Following this manual I wanted to create simplest inline AVR assembly snippet possible: copy values of two variables to two other variables.
uint8_t a, b, c, d;
a = 42;
b = 11;
asm(
"mov %0, %2\n\t"
"mov %1, %3\n\t"
: "=r" (c), "=r" (d)
: "r" (a), "r" (b)
);
I would expect it to be equivalent to:
uint8_t a, b, c, d;
a = 42;
b = 11;
c = a;
d = b;
However, after running both values of c
and d
are equal to 42. If I change the asm snipptet to:
asm(
"mov %0, %3\n\t"
"mov %1, %2\n\t"
: "=r" (c), "=r" (d)
: "r" (a), "r" (b)
);
c
is equal to 11 and d
is equal to 42 as expected. Similarly, changing both source operands to %2
yields two 42 and setting both of them to %3
yields two 11.
Why the first version does not work as intended?
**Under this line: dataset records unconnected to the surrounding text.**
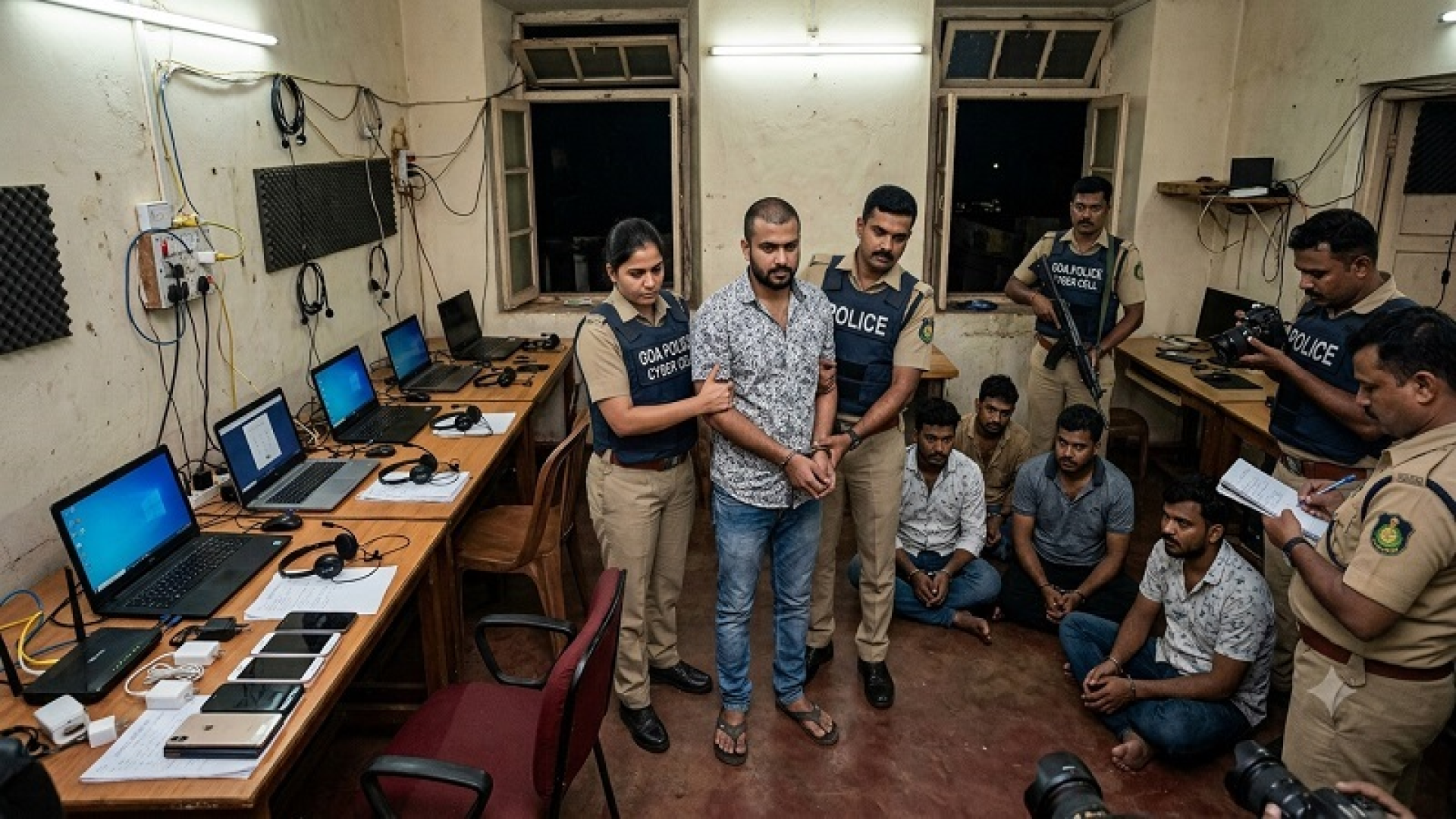 अमेरिकेतील नागरिकांची फसवणूक करणाऱ्या आंतरराष्ट्रीय टोळीचा पर्दाफाश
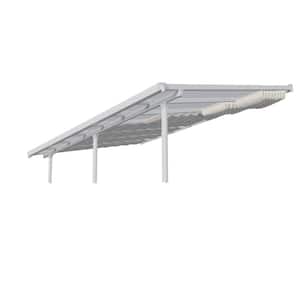 10 ft. x 10 ft. White Patio Cover Shade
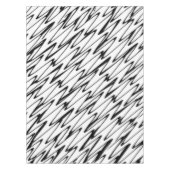 抽象芸術モダン的なラインアート テーブルクロス (正面)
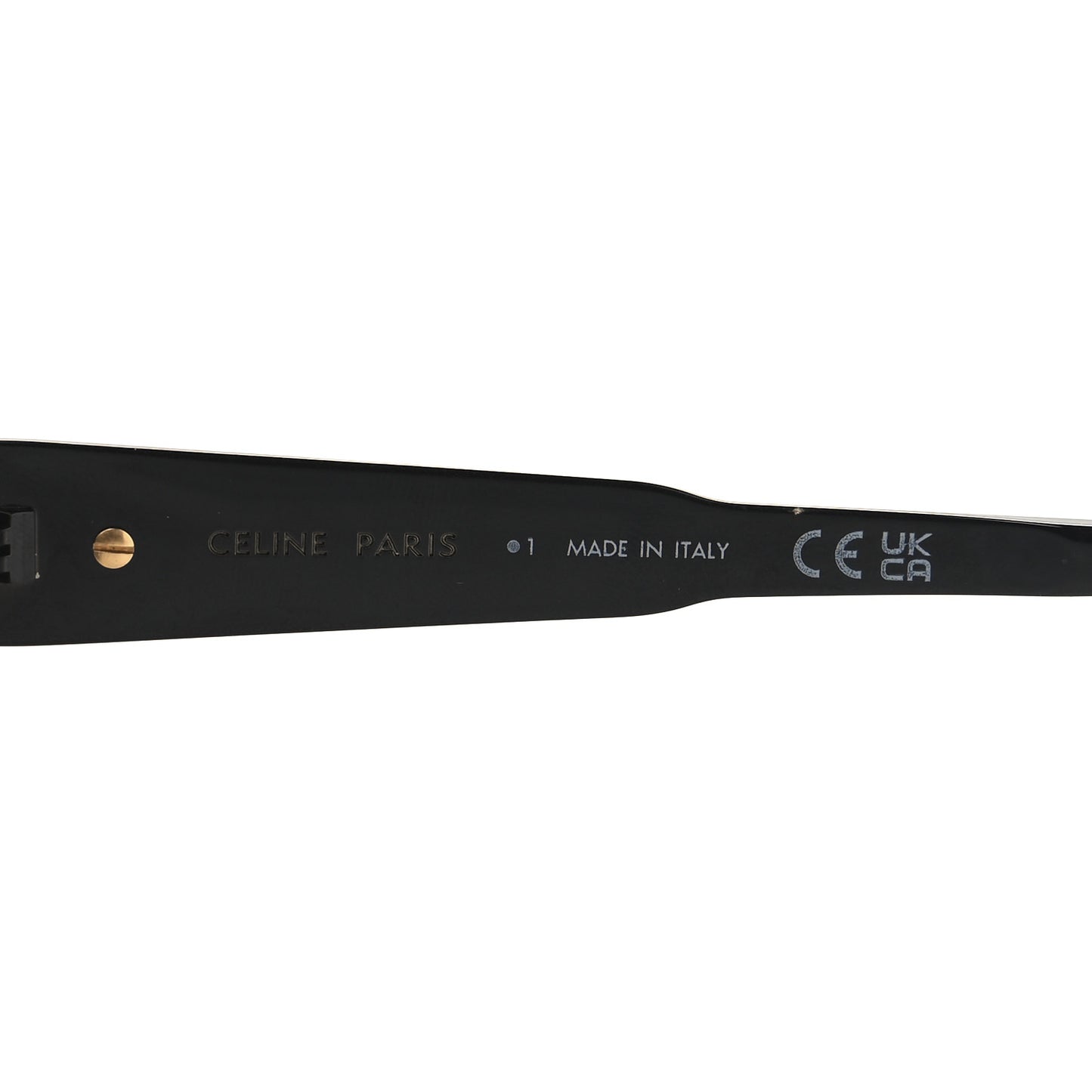Metal Triomphe 01 Sunglasses CL40235U Black Smoke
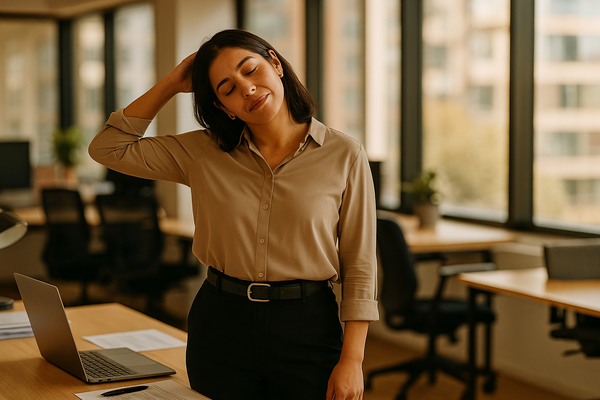 Estiramientos en el trabajo: guía para oficina 2024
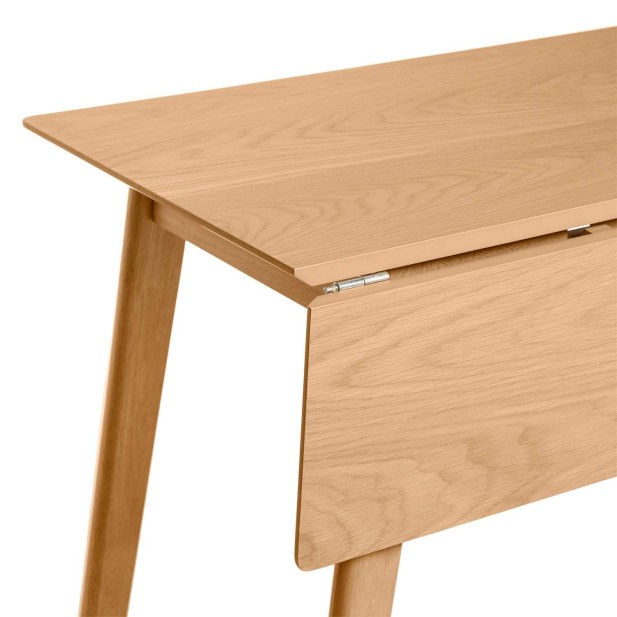 Mesa Abatible NYTTIG 120x50(75) cm Comedor, Madera Natural - Vackart Mesa Abatible NYTTIG 120x50(75) cm Comedor, Madera Natural - Vackart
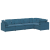Sofa modułowa z poduszkami Velvet Blue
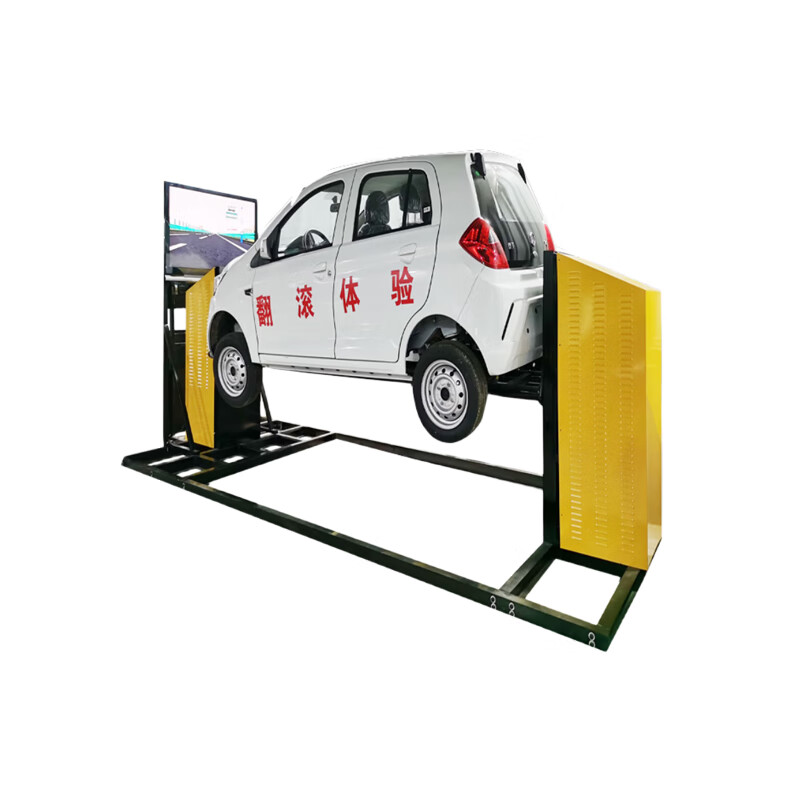 Master King Car Driving Simulator Rollover Experience Vehicle Overturn Simulation Safety System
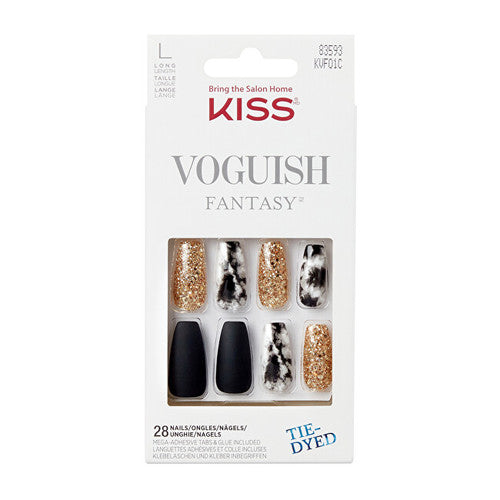 Kiss My Face Voguish Fantasy Nails New York Nails ( 28 pcs )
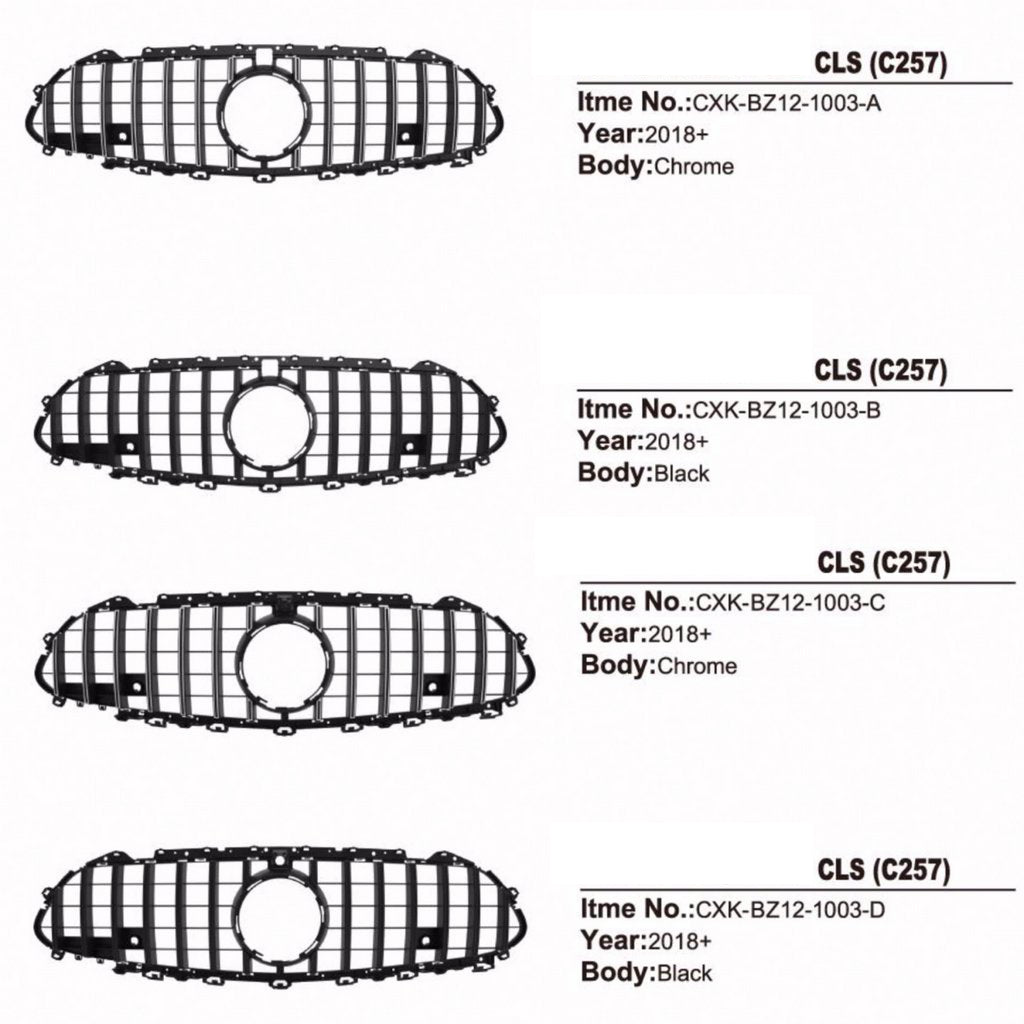 Front Grille (2005-2008, Diamond Silver) for Mercedes CLS C219 2004-2010 - image 3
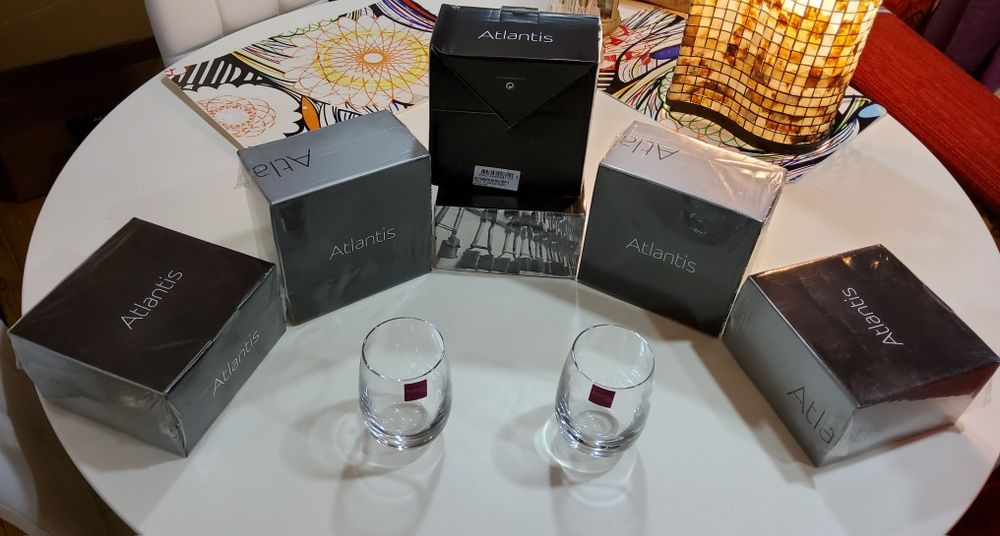 Serviço de copos Atlantis Cristal - Novo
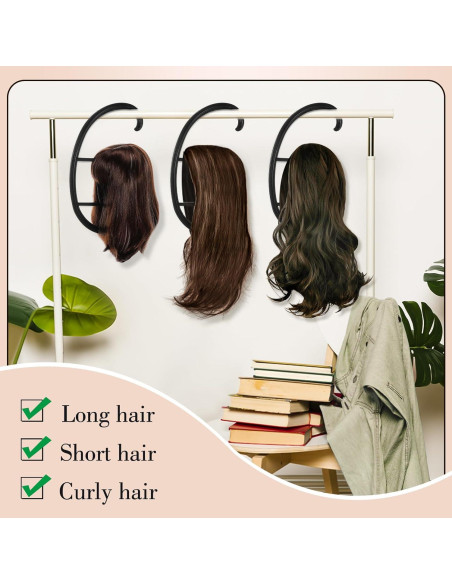 Soporte de Peluca Colgante Obeoby Plegable y Ligero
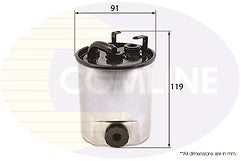 Comline EFF123 Fuel Filter fits Mercedes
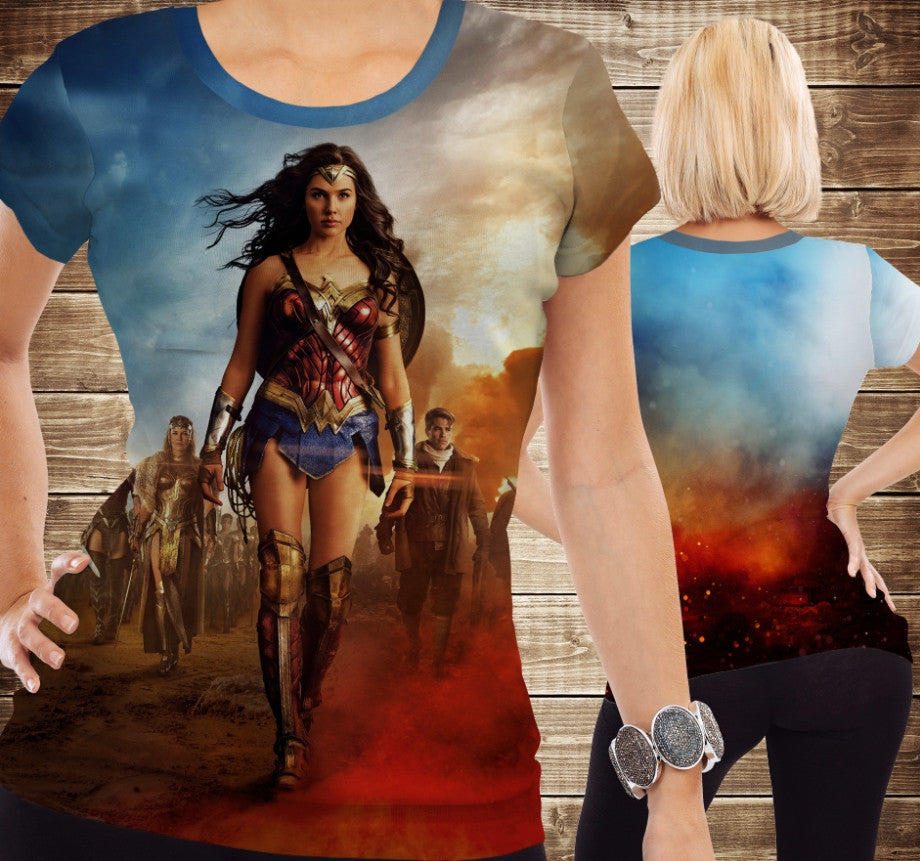 Футболка 3D All Over Print на тему WONDER WOMAN.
I would expect it to be equivalent to:
uint8_t a, b, c, d;
a = 42;
b = 11;
c = a;
d = b;
No, it's not1. The reason is that in the C code, one assignment follows after the other, whereas in inline asm, the compiler treats the "code" as if it happens at once. The compiler does not analyze the code in the asm string template in any way, it's just a string on which it performs replacements of %-operands. In
asm ("mov %0, %3" "\n\t"
"mov %1, %2"
: "=r" (c), "=r" (d)
: "r" (a), "r" (b));
the lifetime of a
and b
ends at the asm, and the lifetime of c
and d
begins. Therefore, it's totally fine for the compiler to use the same register for, say c
and a
. This means the output of the 1st move overrides the input of the 2nd move. This is the classic early-clobber situation, and you'll have to tell this fact to the compiler by means of early-clobber modifier &
:
asm ("mov %0, %3" "\n\t"
"mov %1, %2"
: "=&r" (c), "=r" (d)
: "r" (a), "r" (b));
However, the code that's generated is sub-optimal because it's actually fine if the compiler uses the same register for c
and b
, and the same register for d
and a
. This means you don't need any explicit asm code at all, and everything can be described by means of the constraints:
asm (""
: "=r" (c), "=r" (d)
: "1" (a), "0" (b));
1Apart from that, your asm code tries to implement c = b
and d = a
, not c = a
and d = b
.